(WHAT TO WORK ON): Given the entries below, would you transcribe exactly the lines starting at the one with "Dark Planet Rising" and ending at the one with "Surfing Christmas with SANTA CLAUS Postcard", both kept, pictures omitted, nothing extra?

(PROVIDED ENTRIES):
***

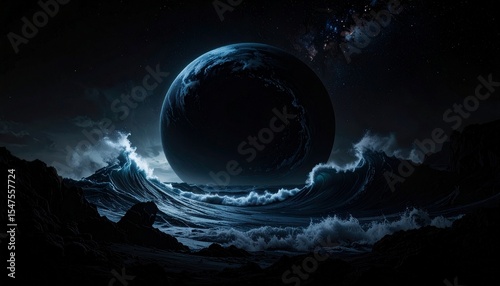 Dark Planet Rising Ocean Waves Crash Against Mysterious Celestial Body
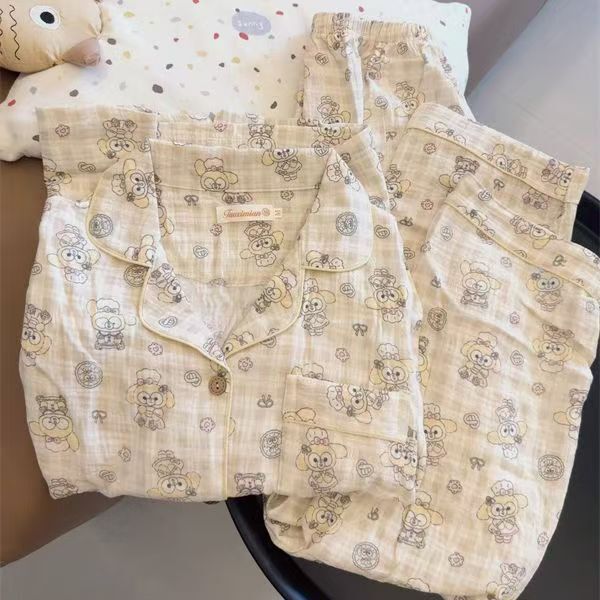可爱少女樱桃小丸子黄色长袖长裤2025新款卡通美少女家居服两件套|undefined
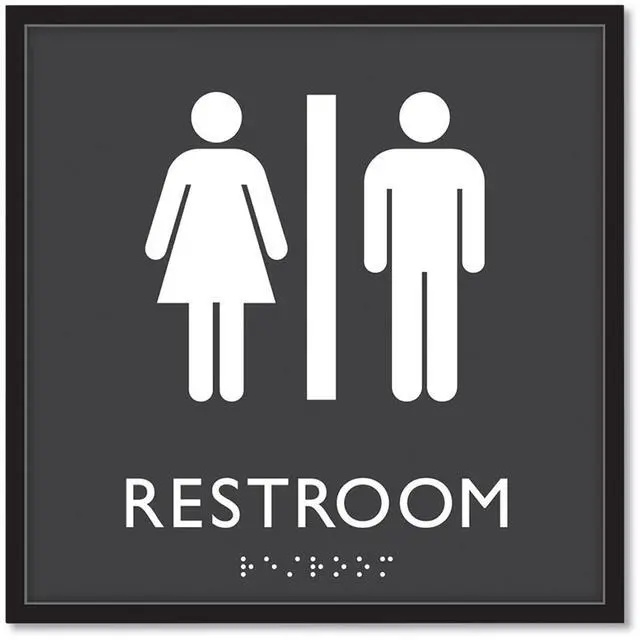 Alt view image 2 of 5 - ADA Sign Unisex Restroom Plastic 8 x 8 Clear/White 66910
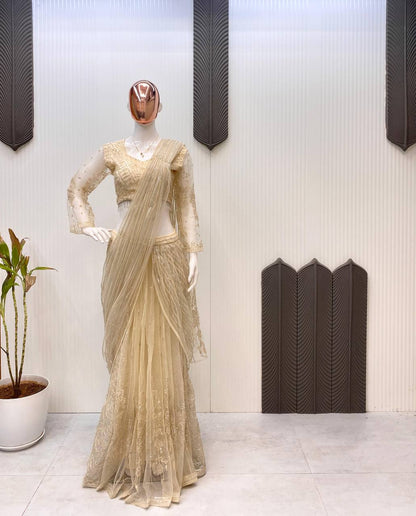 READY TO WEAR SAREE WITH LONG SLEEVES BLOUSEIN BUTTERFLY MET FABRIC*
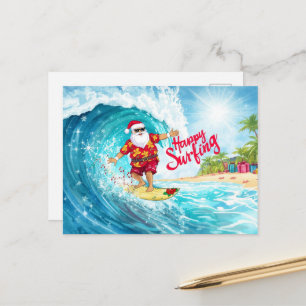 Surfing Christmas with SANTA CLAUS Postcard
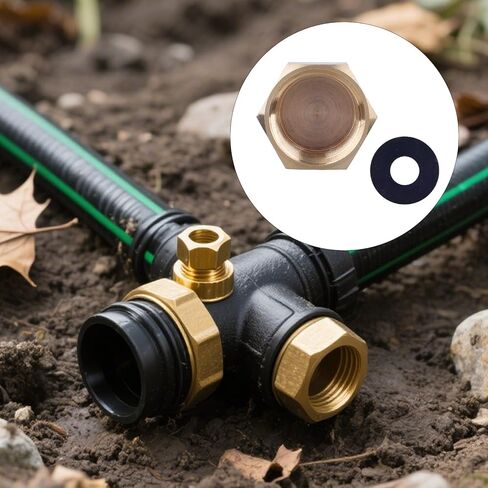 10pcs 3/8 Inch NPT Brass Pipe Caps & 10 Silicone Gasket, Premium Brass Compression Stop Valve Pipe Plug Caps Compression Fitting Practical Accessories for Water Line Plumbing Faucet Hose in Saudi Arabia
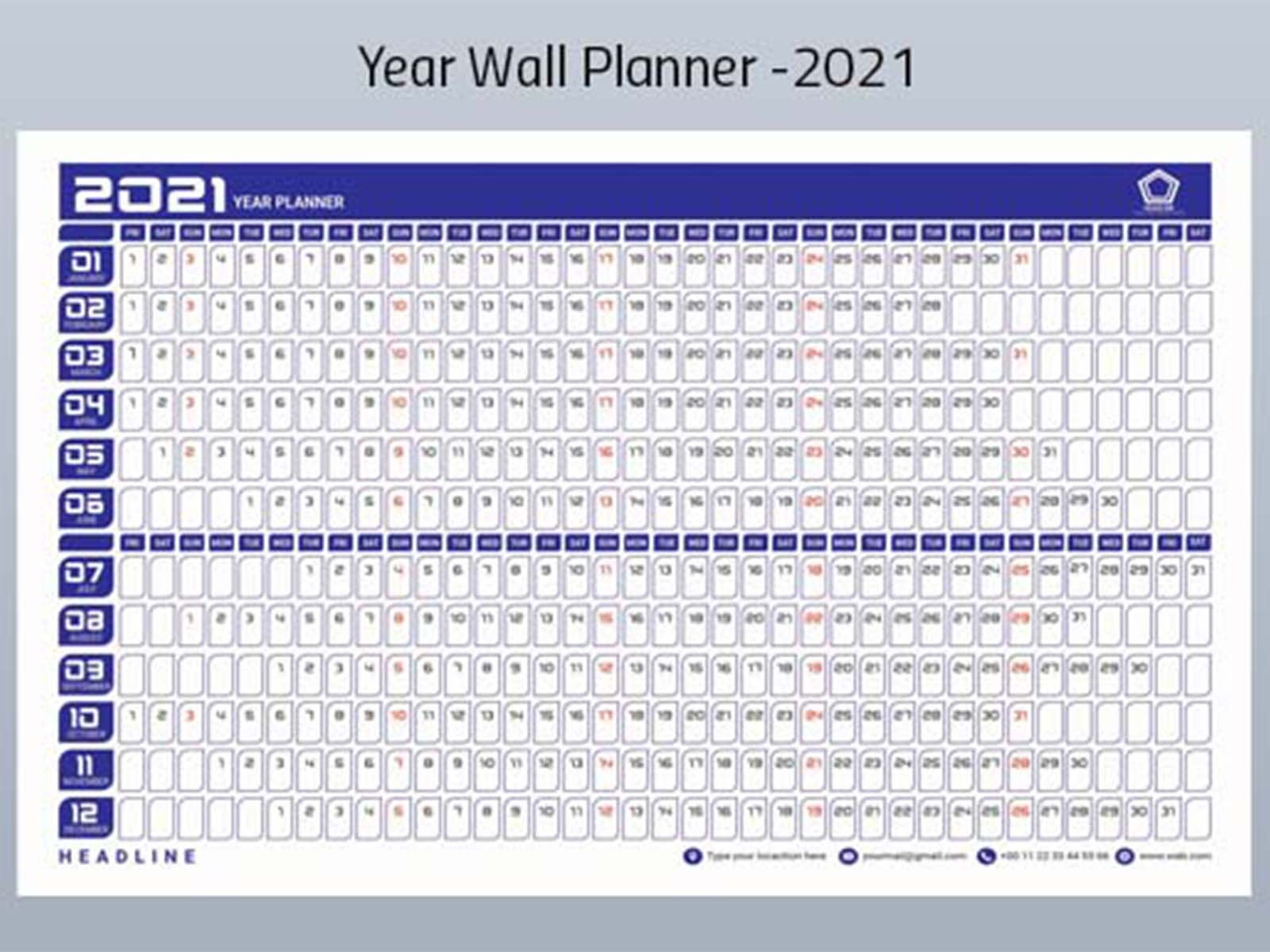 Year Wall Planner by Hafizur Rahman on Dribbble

***

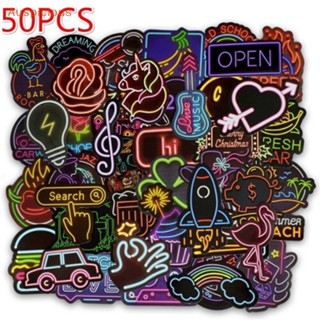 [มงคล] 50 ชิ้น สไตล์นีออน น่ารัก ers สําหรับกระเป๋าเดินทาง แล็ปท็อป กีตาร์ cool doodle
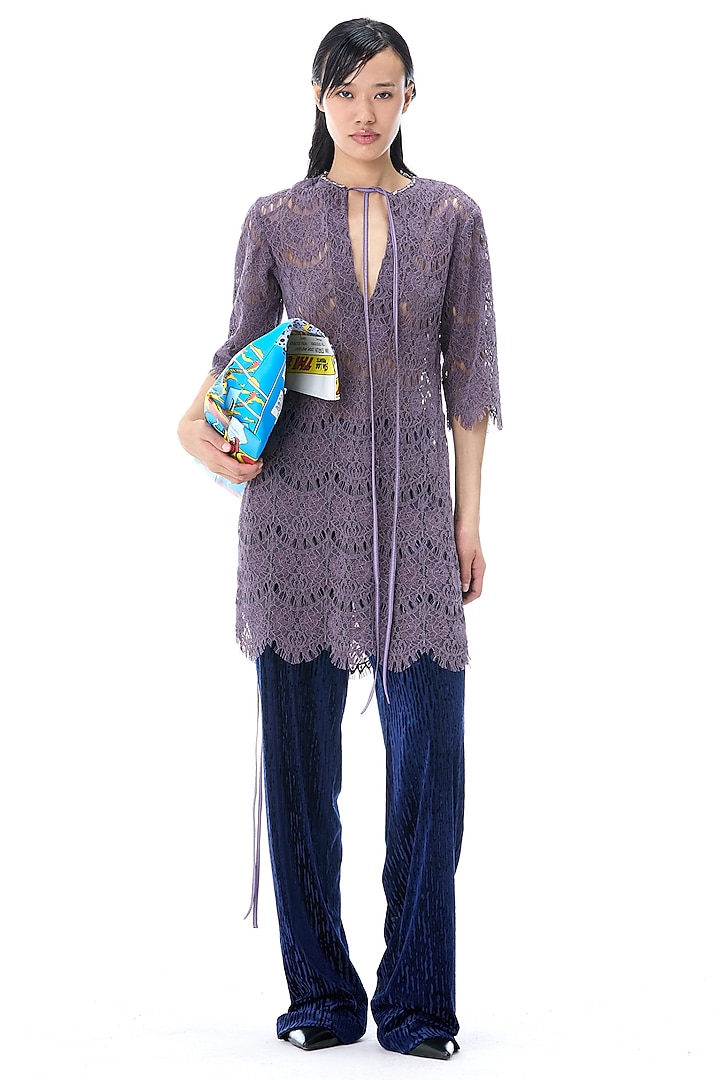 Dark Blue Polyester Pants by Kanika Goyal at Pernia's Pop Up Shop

***

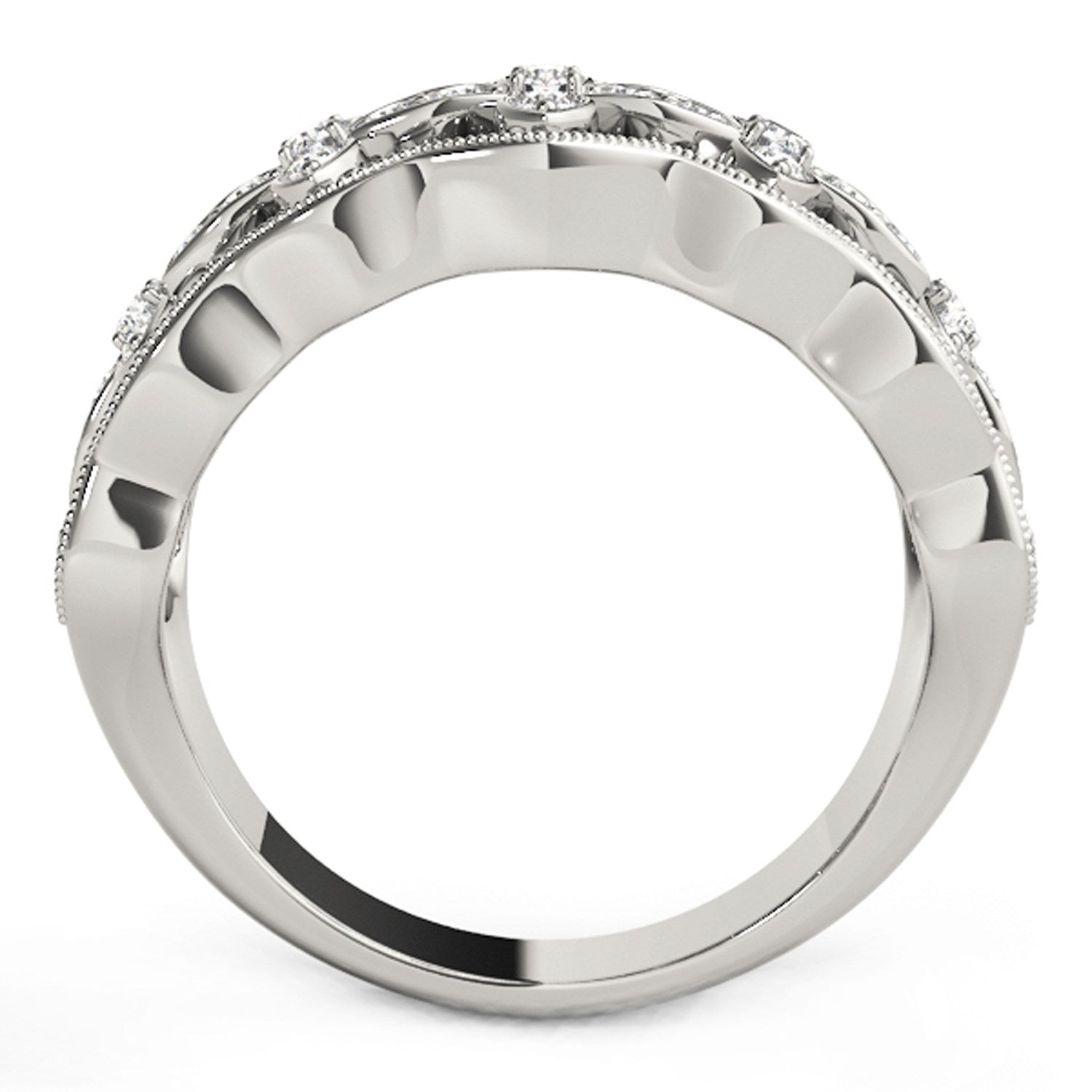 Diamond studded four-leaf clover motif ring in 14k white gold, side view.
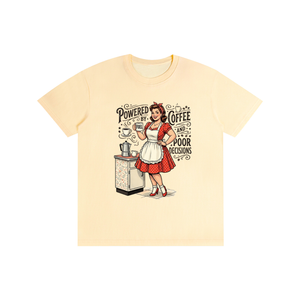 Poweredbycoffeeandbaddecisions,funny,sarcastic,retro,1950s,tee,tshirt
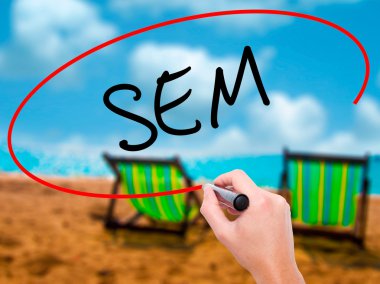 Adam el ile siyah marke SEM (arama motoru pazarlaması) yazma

***

(COMPLETED TASK):
 Dark Planet Rising Ocean Waves Crash Against Mysterious Celestial Body
可爱少女樱桃小丸子黄色长袖长裤2025新款卡通美少女家居服两件套|undefined
 Alt view image 2 of 5 - ADA Sign Unisex Restroom Plastic 8 x 8 Clear/White 66910
 READY TO WEAR SAREE WITH LONG SLEEVES BLOUSEIN BUTTERFLY MET FABRIC*
 Surfing Christmas with SANTA CLAUS Postcard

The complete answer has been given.